Il futuro ha un sapore nuovo (e si chiama vegetale)

L’editoriale di Alfio Mirone racconta la scoperta dei formaggi vegetali e invita la ristorazione ad inserirli nei menu come nuova esperienza di gusto.

Il futuro ha un sapore nuovo (e si chiama vegetale)

Il futuro ha un sapore nuovo (e si chiama vegetale)

Editoriale di Alfio Mirone

Sono tornato a scrivere di enogastronomia. E mi ci voleva. Dopo tante parole su guerra, giustizia e ingiustizia, su ciò che divide, mi serviva qualcosa che unisse. E nulla è più universale del cibo. Nulla parla più sinceramente al cuore – e alla pancia – di una tavola condivisa.

Eppure, qualcosa è cambiato. Il mondo corre veloce, e con lui cambiano anche i gusti, le scelte, le abitudini. Intorno a me aumentano gli amici che scelgono di diventare vegani. E non lo fanno solo per gli animali – anche se questo basterebbe – ma per salute, per etica, per consapevolezza ambientale.

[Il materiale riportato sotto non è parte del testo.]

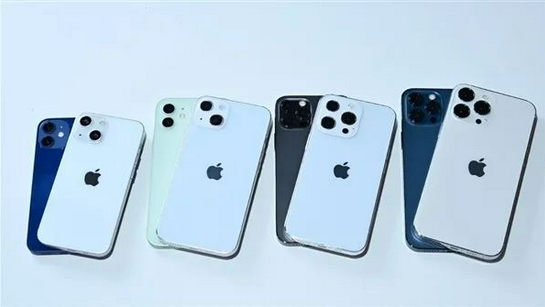 新沂苹果手机维修分享iPhone 13价格怎么样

All’inizio, lo ammetto, ero perplesso. Poi è arrivato un assaggio. Poi un altro. E un altro ancora. Oggi mi ritrovo a degustare formaggi che non sono formaggi, ma che raccontano storie nuove, fatte di fermentazioni vegetali, mandorle, anacardi, ceci, riso germogliato. Non hanno la pretesa di imitare un parmigiano o un taleggio. Non ci somigliano quasi per niente. Ma – ed è questo il punto – non devono.

Perché il loro compito non è imitare, ma esistere. Farsi conoscere, trovare un posto tutto loro nelle cucine, nei taglieri, nelle fantasie culinarie di chi guarda avanti.

In fondo, è successo anche con il vino senza solfiti, con i pani da grani antichi, con la birra artigianale. All’inizio si storce il naso. Poi si assaggia. Poi si comprende. E magari, si ama.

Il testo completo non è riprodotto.